Statistics from Altmetric.com
Pulmonary hypertension is associated with autoimmune diseases, giving rise to digital ischaemia, including Raynaud’s phenomenon (RP). As sildenafil, a phosphodiesterase-5 (PDE-5) inhibitor, relieves the pulmonary hypertension,1 we suggested that it might also benefit digital ischaemia and RP symptoms. This report describes the impact of oral sildenafil (Viagra, donated by Pfizer HK) on three women with autoimmune disease and progressively severe digital ischaemia, despite treatment with a variety of drugs, including intravenous iloprost (fig 1). All patients gave written informed consent to try this off-label treatment.

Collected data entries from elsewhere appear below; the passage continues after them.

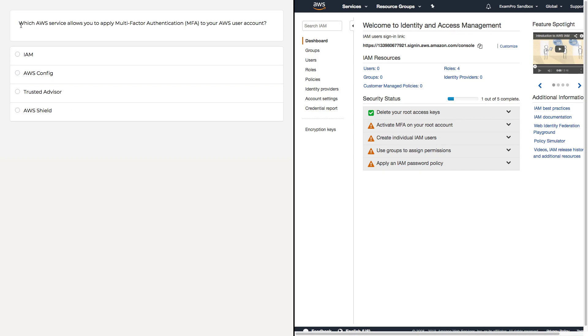Here we have a question that says, which AWS service allows you to apply multi-factor authentication MFA to your AWS user account? We have four options, and three of them have some relation to MFA, and one definitely does not.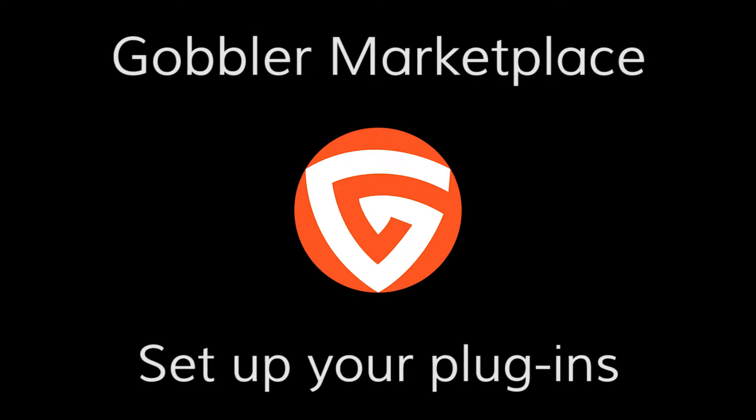Welcome to Gobbler Marketplace. In this video you'll learn how to install your plug-in subscriptions and how to authorize them to use in your DAW.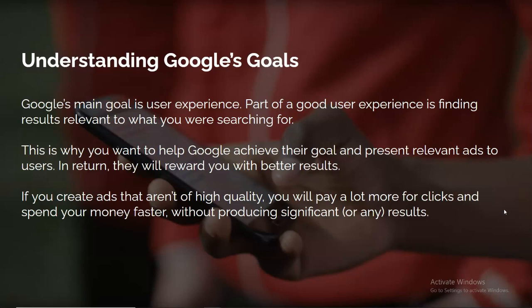Before proceeding, understand Google's goals. Google's main goal is user experience, and part of that is finding results relevant to what you searched for. We want to help Google achieve their goal by presenting relevant ads — in return, they reward you with cheaper clicks and more leads. If you create low-quality ads, you will pay much more per click and spend your money faster without producing significant results.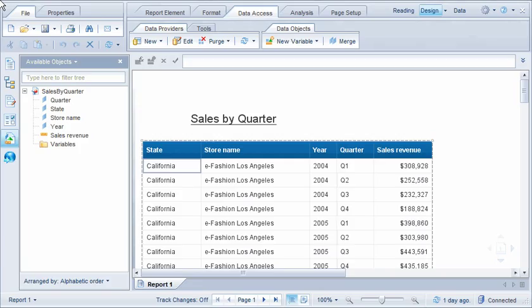In this example, we'll change the formatting for the State column, and then copy that formatting to the Store Name column. We'll start by selecting the column and accessing the formatting options. Note that selecting any cell in a table will select the entire column or row.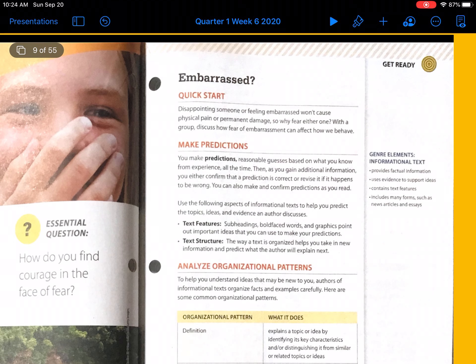Quick start: Disappointing someone or feeling embarrassed won't cause physical pain or permanent damage. So, why fear either one? Discuss how fear of embarrassment can affect how we behave. Since we aren't in groups today, we are going to discuss this tomorrow. But think about it — how can the fear of being embarrassed affect how we behave? Something I know I do is if I'm afraid I'm going to be embarrassed, I won't act a certain way, or I'll be more reserved and quiet in situations so that I'm not embarrassed. Because while it doesn't physically hurt me, mentally I feel like it does make me uncomfortable.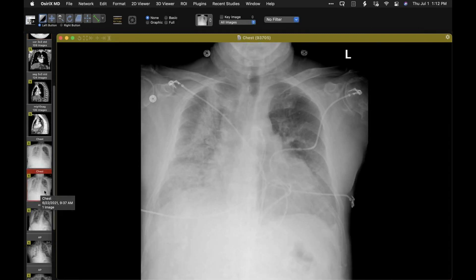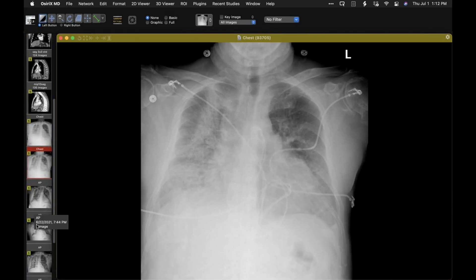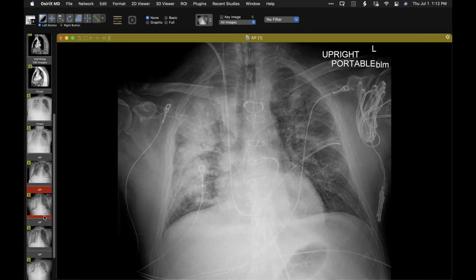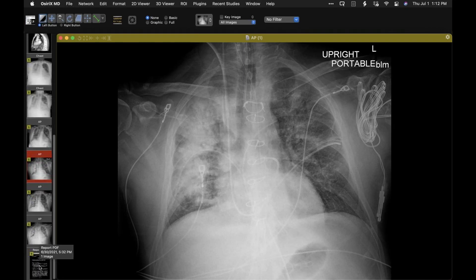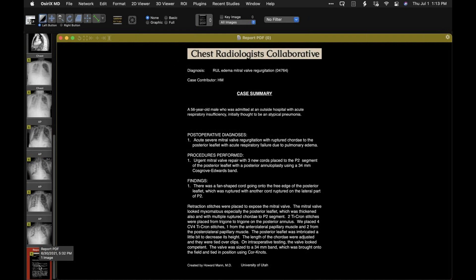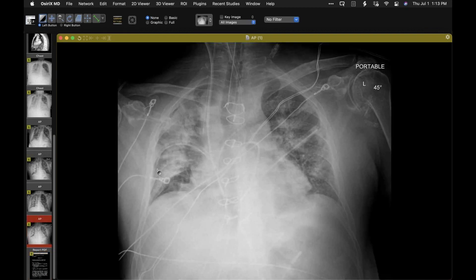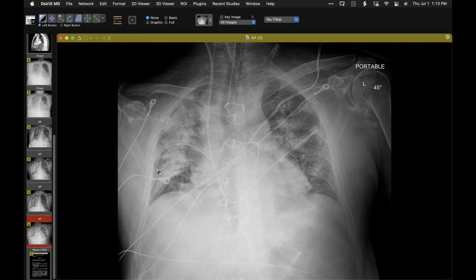I'm going to show you that the asymmetry of the edema and the persistent asymmetry of edema even after surgery. Here is the operative report — they discovered this and diagnosed it on ultrasound but confirmed here: acute severe regurgitation, rupture of chordae to the posterior leaflet, acute respiratory failure. Why the persistent edema even after surgery? If you have acute severe capillary hypertension, you can get the phenomenon called stress failure of the pulmonary capillaries — a form of acute lung injury or at least injury to the pulmonary endothelium.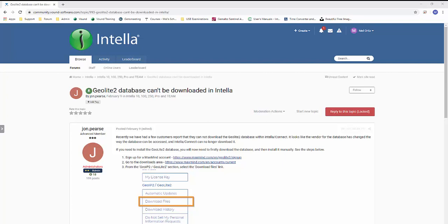Hello everyone. This is just a quick video on how to download the GeoLite 2 database from MaxMind. MaxMind has recently changed the way that this database is accessed, so we now have to go through the steps manually to be able to download it and install it into Intella.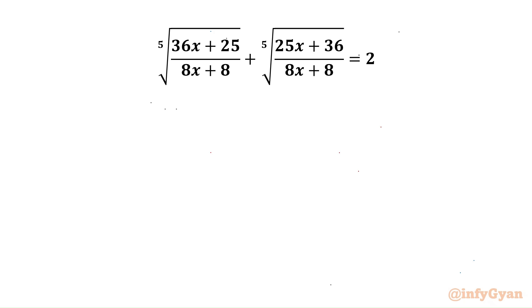Hello my dear friends, welcome back to Enfijan. Today in this video we are going to solve another very interesting question from radical equations for the real values of x. So let's get started.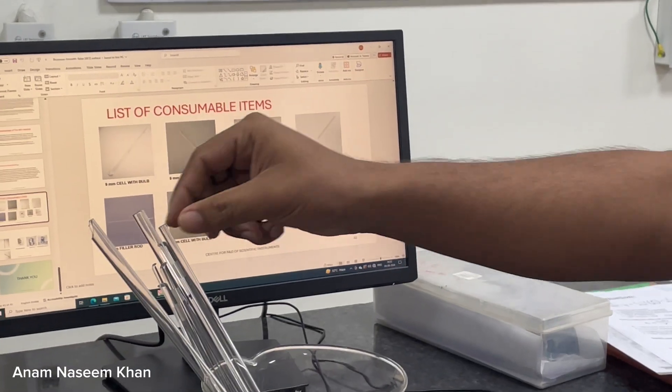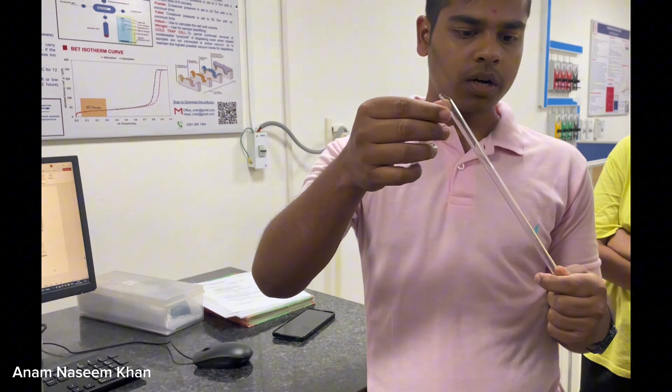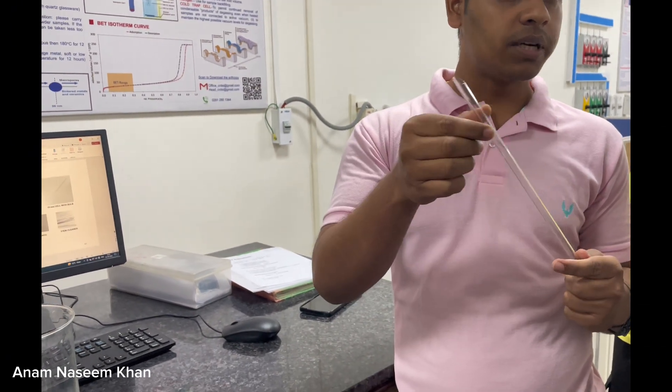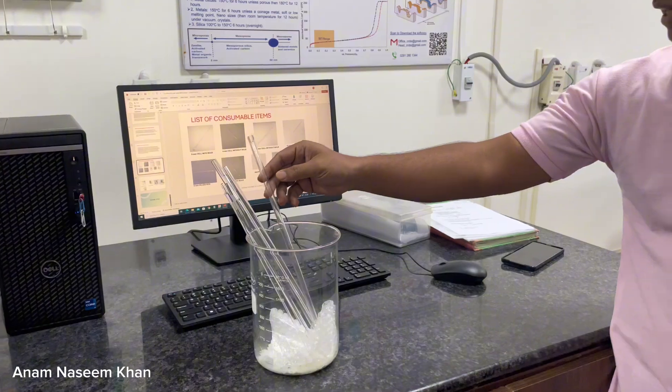After putting the sample in, particles can attach to the rod of the tube, so we have to clean it completely. That is why we use a stem cleaner to clean the tube rod thoroughly.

A 42 year old woman with dermatomyositis “sine myositis” and thyrotoxicosis (case 1) taking prednisolone, hydroxychloroquine, and carbimazole, experienced regression of troublesome RP and ischaemic digital ulceration after receiving diltiazem SR 200 mg/day and thrice monthly iloprost infusions. Ten months later, antituberculosis chemotherapy was started and the steroid dosage reduced, after she developed a febrile illness with cough, pleuropericardial effusions, and sputum culture positive for tuberculosis (TB). Digital gangrene supervened in both hands and both feet despite daily intravenous iloprost infusions for 2 weeks. A day after starting sildenafil 50 mg three times a day her digital circulation and pain improved markedly; facial flushing was the only adverse reaction. In view of the slightly deteriorating digital ischaemia and experimental evidence,2,3 we inferred that rifampicin treatment was inducing the metabolism of sildenafil. Its dosage was therefore doubled. Symptomatic improvement continued and ischaemic tissues became demarcated. However, 26 days after starting sildenafil she succumbed to uncontrolled pulmonary TB.
A 28 year old woman with scleroderma/lupus (case 2) who had been receiving diltiazem, domperidone, omeprazole, and penicillamine for about 4 years presented with progressive breathlessness. Computed tomography of the thorax suggested fibrosing alveolitis; prednisolone and azathioprine were started. Thereafter, she incurred occasional chest infections, other complications, and features of autoimmune diseases. She then developed persistent high grade fever, chills, rigors, night sweats, and increasingly severe digital arthralgia, vasculitis, and ischaemia. A polymerase chain reaction (PCR) of blood disclosed disseminated TB. Despite resolution of the sepsis after anti-TB chemotherapy, she developed progressive ischaemia and impending gangrene of her fingers, toes, and feet, despite regular infusions of iloprost for 2 weeks. One day after starting sildenafil 50 mg three times a day, all four extremities showed marked symptomatic improvement, becoming warm, less painful, and less discoloured. Her digital vasculitis resolved; weeks later necrotic zones became demarcated and autoamputated. Owing to resurgence of active lupus, her prednisolone dosage was increased; her haematological/serological abnormalities regressed. After 48 days of sildenafil treatment, tadalafil (Cialis) 10 mg once daily was substituted for 78 more days, without any adverse reaction. Currently, the patient remains well and can stand.
A 76 year old woman with prior hypertension and ischaemic heart disease (case 3) presented with erythematous facial and finger rashes, myalgia, finger and toe ischaemic lesions, and proximal muscle weakness. Dermatomyositis and a disseminated malignancy were diagnosed. After mutually agreeing to stop further investigation, prednisolone treatment was started. Her digital ischaemia responded poorly to diltiazem SR and any improvement during iloprost infusions disappeared when they stopped. After 12 days and despite her past medical history, sildenafil treatment was cautiously started, with immediate reduction in peripheral pain and ischaemia and healing of toe ulcers. Although well tolerated, sildenafil was discontinued after 3 weeks, as the patient required treatment with nitrates.
All three patients had immediate, subjective and objective improvements after initiating sildenafil, which was entirely consistent with Lichtenstein’s observations, except that our patients were very severely afflicted.4 In two patients, worsening RP and digital ischaemia appeared during active TB, consistent with the effects of sepsis.5 Rifampicin, a powerful inducer of relevant P450 enzymes (apt to enhance sildenafil elimination2,3), appeared to affect their management. These observations merit a randomised controlled trial to investigate the treatment of disabling RP with oral PDE-5 inhibitors.